Seminar with Jenni Savonen on a social representations approach to illicit drug use
Seminar
Date:Wednesday 3 December 2025
Time:13.13 – 14.30
Location:Campus Albano, Room 23, Albano House 4, Floor 2
Wednesday December 3, Jenni Savonen, UEF - Law School, Faculty of Social Sciences and Business Studies, University of Eastern Finland, will give a seminar in the Department of Public Health Sciences at Stockholm University's seminar series PHS Talks. Savonen will talk about a social representations approach to illicit drug use, how the issue is perceived in society and how it affects policies and the identity construction of people who use drugs.

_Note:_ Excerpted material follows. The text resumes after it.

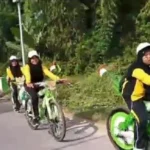 Serunya Sepeda Hias MTs Muda Kedungadem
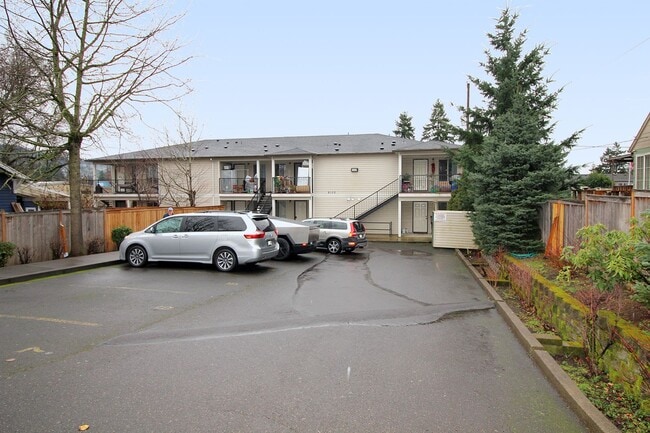 Building Photo - 8102 SE Lambert St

Seminar title: A social representations approach to illicit drug use Time: 13:13–14:30 Location: Campus Albano, Room 23, Albano House 4, Floor 2
Jenni Savonen is a social psychologist working as a researcher at the University on Eastern Finland. Her PhD research was on the social representations of illicit drug use – on how the issue is perceived in society and how it affects policies and the identity construction of people who use drugs. Savonen has also worked with other dependence-related projects at the Finnish Institute for Health and Welfare and is currently studying the realization of rights of older people with substance use.
Seminar Abstract
Lay knowledge, or social representations, regarding illicit drug use create what we believe to be true and thus have an impact on our actions. According to my PhD study, illicit drug use is socially represented through notions of self and other, morality, risk and self-control. Lay knowledge on illicit drug use is, however, not homogenous, and from a social psychological viewpoint, illicit drug use can be seen as a normified phenomenon and a naturalized social representation. This suggests that although illicit drug use is a salient and in ways unremarkable part of our current societies, it has not become normalized to the point of being insignificant or non-stigmatized. Lay knowledge on illicit drugs is related to views on drug policy: the more risk people attribute to drug use, the more hesitant they are towards harm reduction measures. Finally, lay knowledge affects identities as people who use illicit drugs construct their identities by positioning themselves in relation to salient social representations.
The seminar is arranged by the Department of Public Health Sciences, Stockholm University.